Skip to content
Mark Lauter edited this page Jun 24, 2026 · 2 revisions

title: lexi summary: "A regex-based lexer for .NET, published as MSL.Lexi — declare a vocabulary of named regex patterns mapped to token ids, then scan source into tokens with maximal-munch." tags: [lexi, overview, lexer, tokenizer, regex, parsing, csharp, index] created: 2026-06-24 status: draft

lexi

lexi is a regex-based lexer, or tokenizer, for .NET, published to NuGet as MSL.Lexi. You declare a vocabulary of named regex patterns, each mapped to an integer token id, and the lexer scans source text left to right, emitting the next matching token. It is general-purpose — SQL is only one demonstration — and is built to feed simple recursive-descent parsers, with a math expression parser and a SQL-like query parser shipped as samples.

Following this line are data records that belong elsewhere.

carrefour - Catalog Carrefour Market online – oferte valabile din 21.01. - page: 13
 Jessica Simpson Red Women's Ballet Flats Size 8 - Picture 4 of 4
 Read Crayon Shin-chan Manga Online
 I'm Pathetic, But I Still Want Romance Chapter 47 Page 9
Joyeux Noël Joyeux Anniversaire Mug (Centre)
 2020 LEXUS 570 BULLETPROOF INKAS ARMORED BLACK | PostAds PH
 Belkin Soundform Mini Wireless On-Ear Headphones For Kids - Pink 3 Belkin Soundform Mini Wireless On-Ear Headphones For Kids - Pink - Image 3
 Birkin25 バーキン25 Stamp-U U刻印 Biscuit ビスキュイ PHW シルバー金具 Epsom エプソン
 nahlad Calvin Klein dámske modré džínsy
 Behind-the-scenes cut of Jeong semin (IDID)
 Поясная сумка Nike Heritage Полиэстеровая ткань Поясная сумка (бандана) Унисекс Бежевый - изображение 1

Unlike most of the projects in this collection, lexi is finished and published: it builds clean across three target frameworks, carries tests and CI, and uses ref struct value types throughout for allocation-light scanning.

Architecture

Architecture describes the tokenization pipeline — the Source over the input, the Lexer that applies patterns with maximal-munch selection, the Symbol it emits, and the VocabularyBuilder that configures it.

Branches

  • Branch-main — the only branch: the published MSL.Lexi lexer with its VocabularyBuilder API and sample parsers.

A note on state

The project is finished and stable. Branch-main reports a verified build-status from dotnet build — it multi-targets net6.0, net7.0, and net8.0, and builds clean across all three. The package is MSL.Lexi v2.2.2, AOT-compatible and trimmable. The only loose end in source is a // todo noting the character-literal pattern does not yet handle escape sequences.